Centred on Kilmacormick estate and the surrounding area, the last remaining ‘big’ bonfire in Enniskillen currently sits on the old Unipork factory site.

Advertisement

While in previous times the area would have had large bonfires in Cornagrade, and Kilmacormick 1; now children and adults in the area work together on the Kilmacormick 2 site. Other smaller bonfires are scattered throughout the town.

A resident in the area, who at 26 said he has been involved in building the bonfire since the age of ‘five or six – and said that while the bonfire may have got a bad reputation in the past, in recent years it has been all about the community.

“The younger boys would usually go out from about August time, usually about two months before. They’d start it and the older ones would come out for the last two weeks and help and give them a hand,” the resident explained.

“Everybody joins in, the young ones go out together. They’ll go all around the town lifting bits of pallets – I’ve seen them walking to the other end of town just for a lock of pallets.”

Up to 50 young people get involved in the collecting – with the bonfire generally reaching up to 60 feet in height.

And while the resident was keen to promote the community aspect of the bonfire, he admitted that they have caused controversy in the past.

“They do get a very bad reputation. A way back it would have been to do with fighting with the police and that – that would have been maybe fifteen years ago, and the troubles and that.”

Advertisement

He said that the burning of flags is something that no longer takes place.

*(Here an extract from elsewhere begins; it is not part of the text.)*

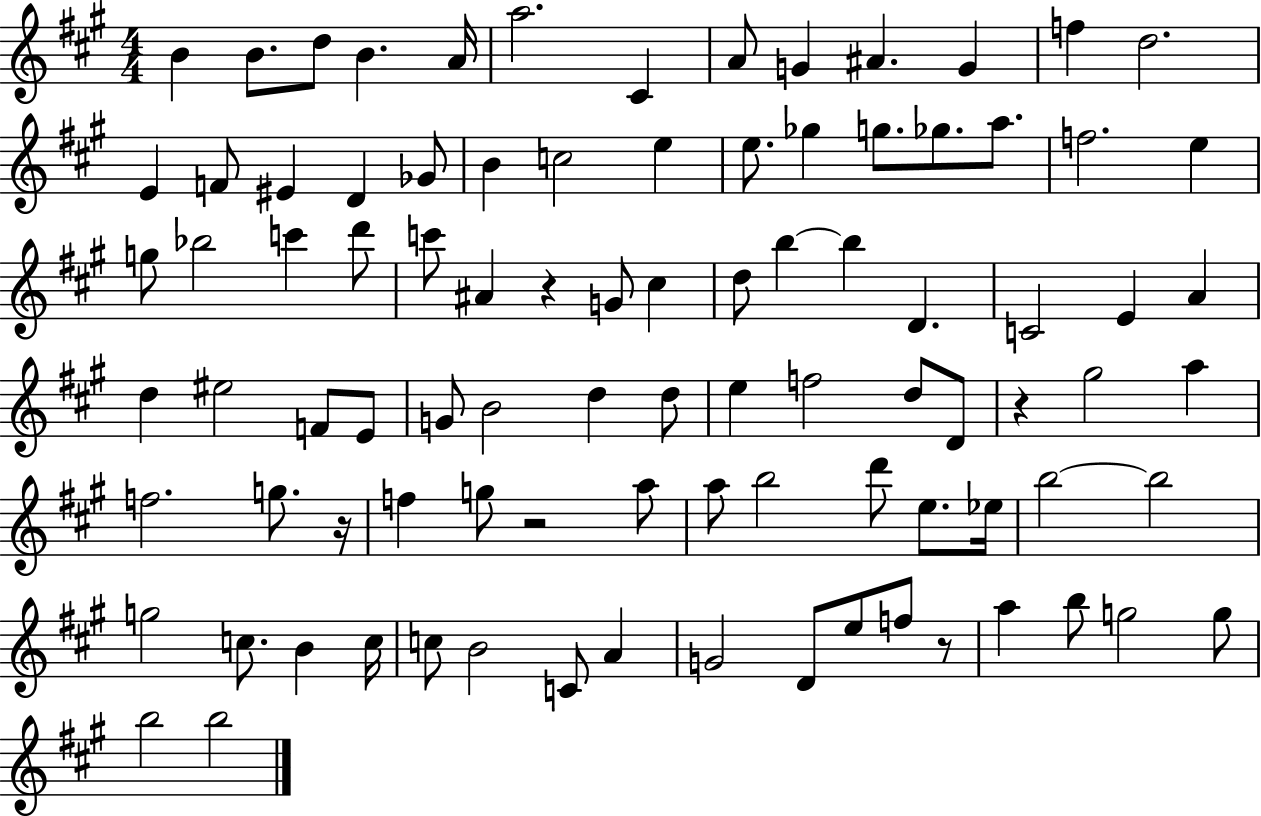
B4/q B4/e. D5/e B4/q. A4/s A5/h. C#4/q A4/e G4/q A#4/q. G4/q F5/q D5/h. E4/q F4/e EIS4/q D4/q Gb4/e B4/q C5/h E5/q E5/e. Gb5/q G5/e. Gb5/e. A5/e. F5/h. E5/q G5/e Bb5/h C6/q D6/e C6/e A#4/q R/q G4/e C#5/q D5/e B5/q B5/q D4/q. C4/h E4/q A4/q D5/q EIS5/h F4/e E4/e G4/e B4/h D5/q D5/e E5/q F5/h D5/e D4/e R/q G#5/h A5/q F5/h. G5/e. R/s F5/q G5/e R/h A5/e A5/e B5/h D6/e E5/e. Eb5/s B5/h B5/h G5/h C5/e. B4/q C5/s C5/e B4/h C4/e A4/q G4/h D4/e E5/e F5/e R/e A5/q B5/e G5/h G5/e B5/h B5/h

“It used to be done more year ago but not so much now, that’s not really what it’s all about any more. At one time it would have been about that. The Protestants would have had bonfires on the Twelfth, we would have had bonfires on Halloween and it would have been ‘tit-for-tat’ over flags and stuff like that.

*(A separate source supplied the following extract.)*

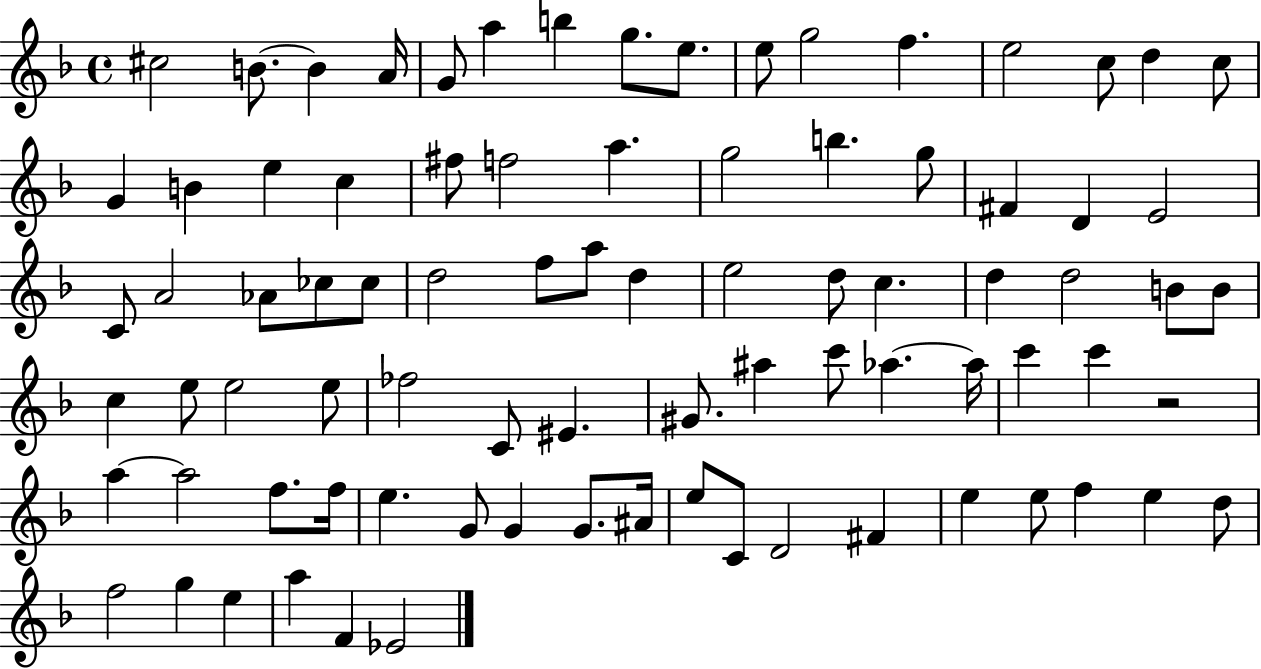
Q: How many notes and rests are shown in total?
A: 84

“But it’s gone away from that. Years ago Chanterhill might have had a bonfire and the Kilmacormick boys might have tried to steal Chanterhill’s things without them knowing.”

He went on: “I’d say maybe five six years ago it stopped. The younger boys at 15 or 16 might be thinking when I was nine or ten, you put union jacks on top of the fire, but it’s not like that any more. It’s nothing to do with that anymore, it’s more a community thing now.”

Those in the area collect pallets and rubbish from businesses in the town and from neighbours.

“They go around business in the town and ask have they any pallets – they’ll knock all the doors around Kilmacormick – and the big question they’ll ask at the doors is ‘Have you any rubbish for Halloween?’ And people might through an old mattress or cupboard and the boys will take it over to the bonfire.”

The bonfire is usually lit after the fireworks display in Enniskillen on Halloween night.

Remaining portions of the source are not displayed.